[[ Supplied entries, beginning ]]

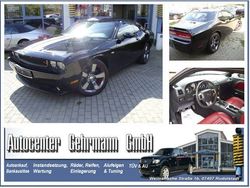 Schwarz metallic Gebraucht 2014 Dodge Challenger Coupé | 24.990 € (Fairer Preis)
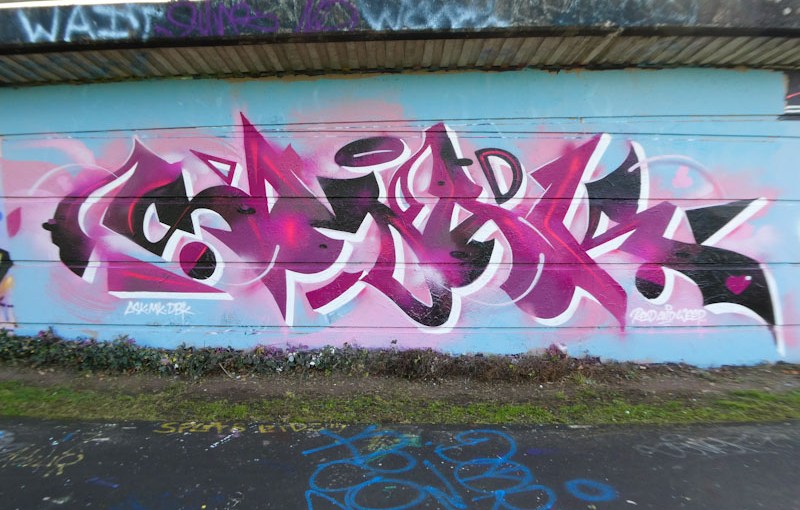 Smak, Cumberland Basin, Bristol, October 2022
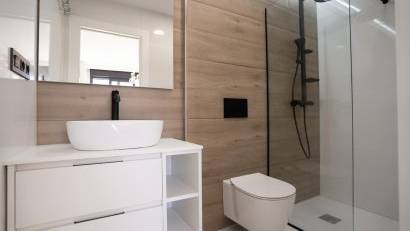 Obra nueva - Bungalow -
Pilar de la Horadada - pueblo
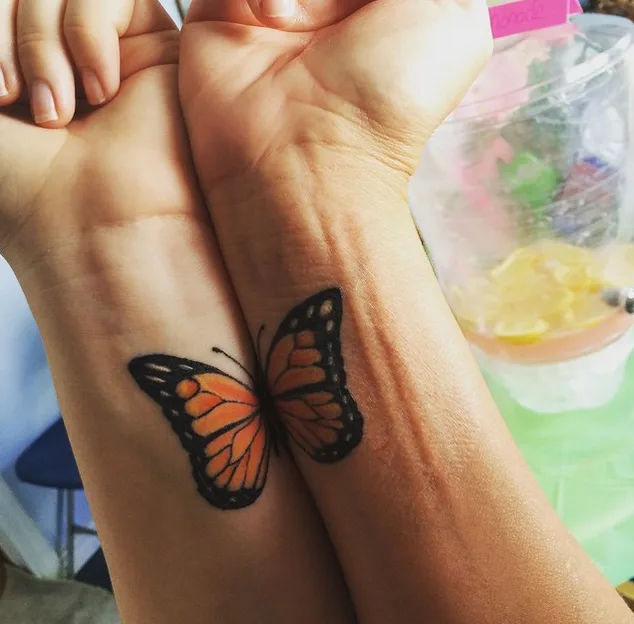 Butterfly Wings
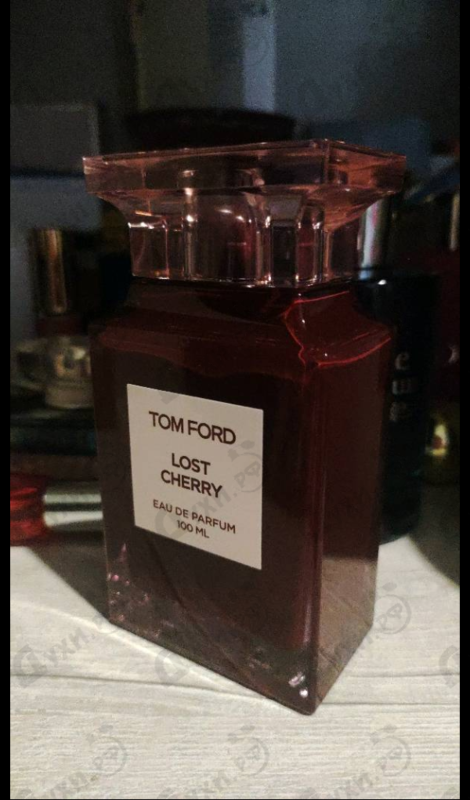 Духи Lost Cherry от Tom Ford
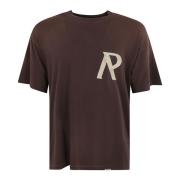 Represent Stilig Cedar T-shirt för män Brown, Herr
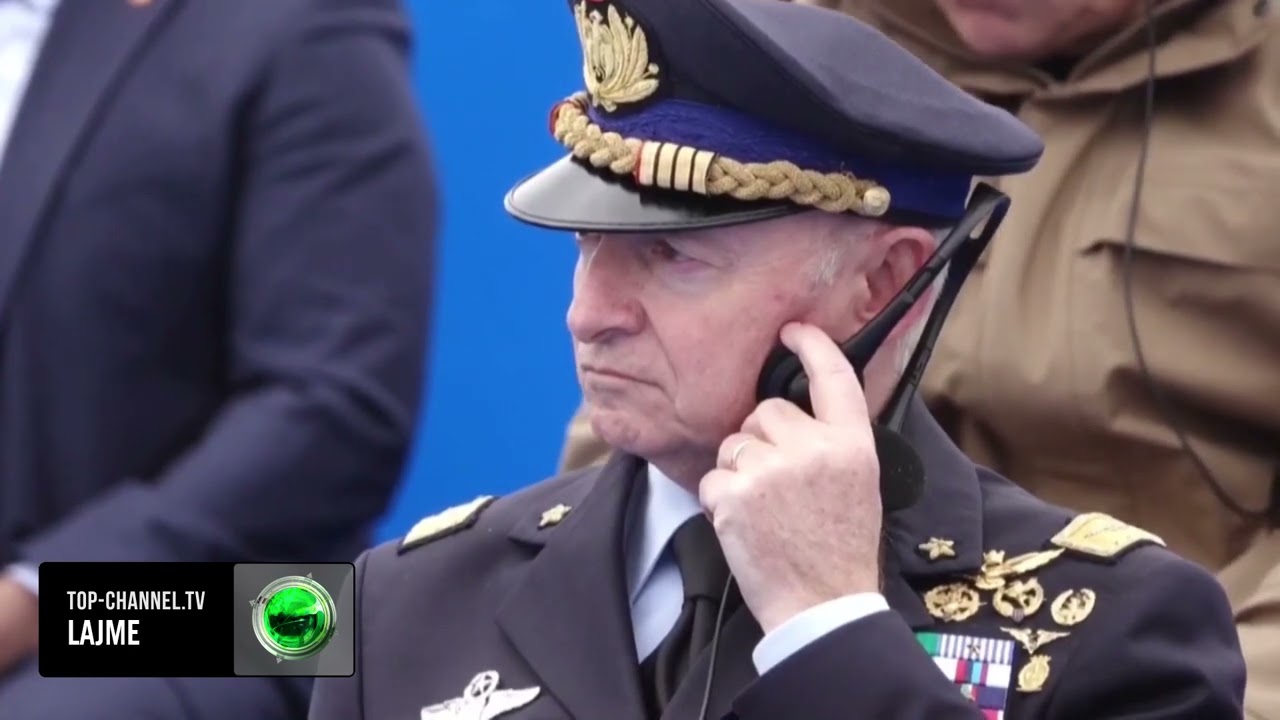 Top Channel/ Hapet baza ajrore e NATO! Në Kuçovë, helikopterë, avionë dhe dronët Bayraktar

[[ Supplied entries, end ]]
[[ Supplied entries, beginning ]]

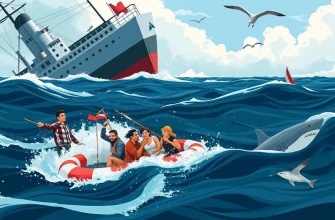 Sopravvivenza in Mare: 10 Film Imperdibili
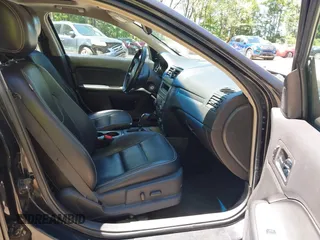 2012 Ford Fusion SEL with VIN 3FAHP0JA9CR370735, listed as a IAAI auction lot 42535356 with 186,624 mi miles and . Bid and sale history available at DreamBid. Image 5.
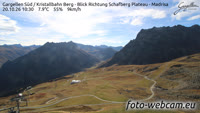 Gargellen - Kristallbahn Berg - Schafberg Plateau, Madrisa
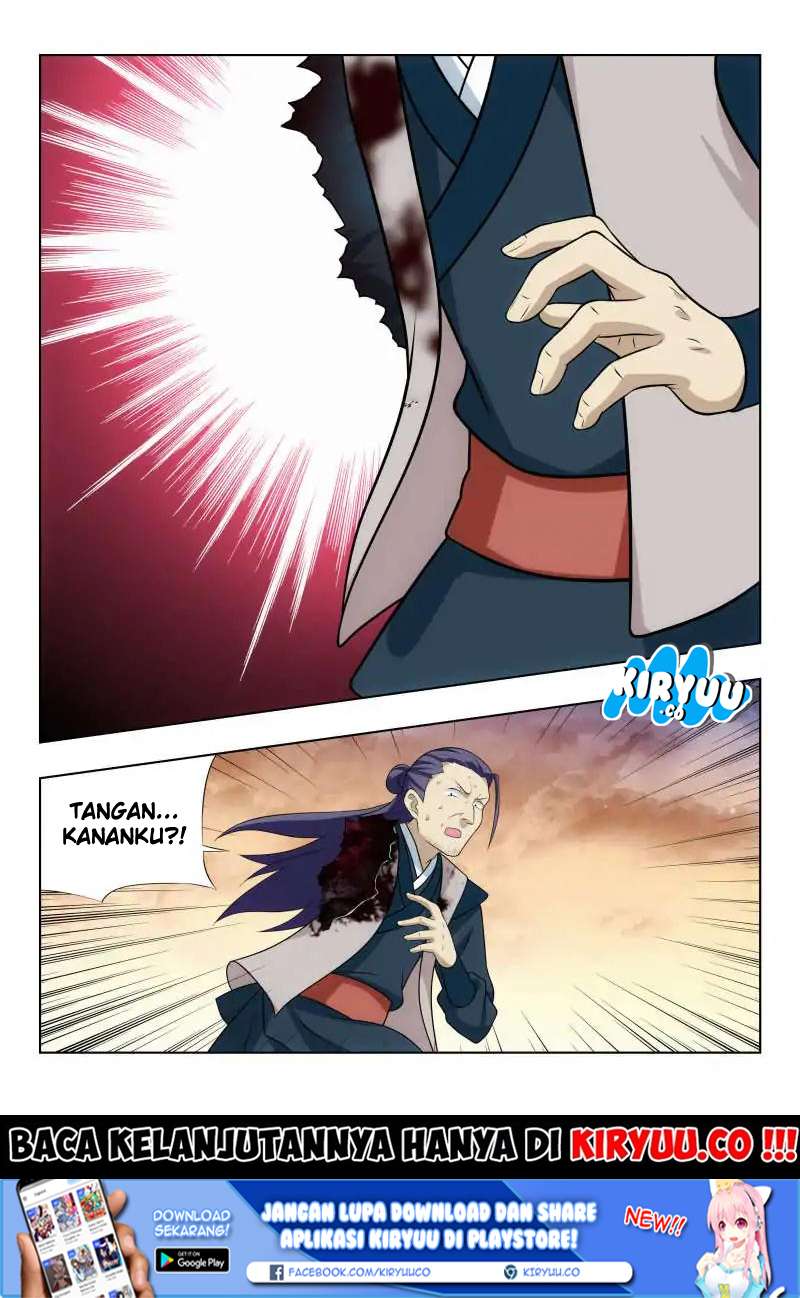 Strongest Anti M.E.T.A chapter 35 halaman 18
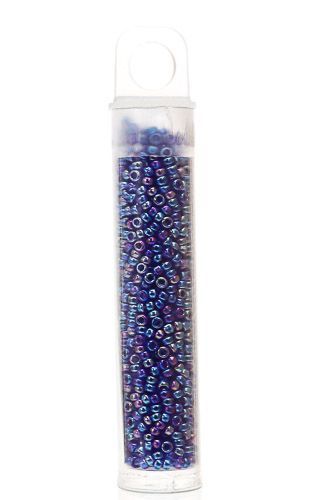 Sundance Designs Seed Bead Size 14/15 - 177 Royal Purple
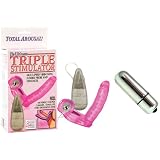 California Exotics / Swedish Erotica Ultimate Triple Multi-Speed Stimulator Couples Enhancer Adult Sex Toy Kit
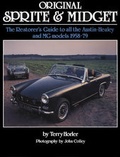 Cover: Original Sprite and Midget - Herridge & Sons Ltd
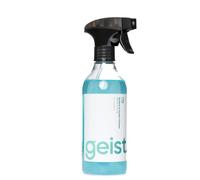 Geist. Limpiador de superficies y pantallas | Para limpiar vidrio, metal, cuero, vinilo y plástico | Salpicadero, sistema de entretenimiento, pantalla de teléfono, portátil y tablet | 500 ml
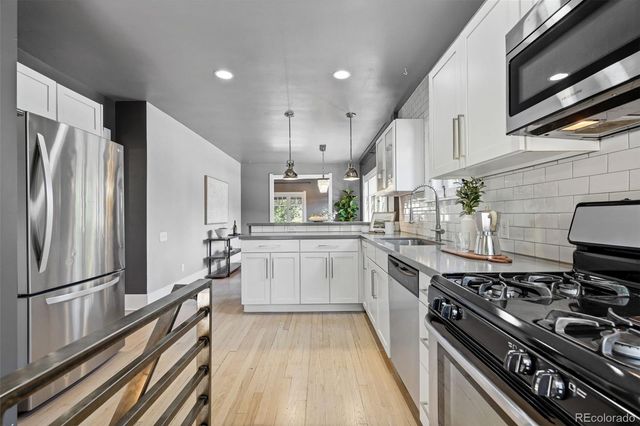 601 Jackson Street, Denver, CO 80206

[[ Supplied entries, end ]]

**Task to complete**
With the pictures removed, print only the lines starting at the line that has "Geist. Limpiador de" and ending at the line that has "601 Jackson Street, Denver, CO 80206", both ends included, exactly as they stand above.

**Solution to this task**
 Geist. Limpiador de superficies y pantallas | Para limpiar vidrio, metal, cuero, vinilo y plástico | Salpicadero, sistema de entretenimiento, pantalla de teléfono, portátil y tablet | 500 ml
 601 Jackson Street, Denver, CO 80206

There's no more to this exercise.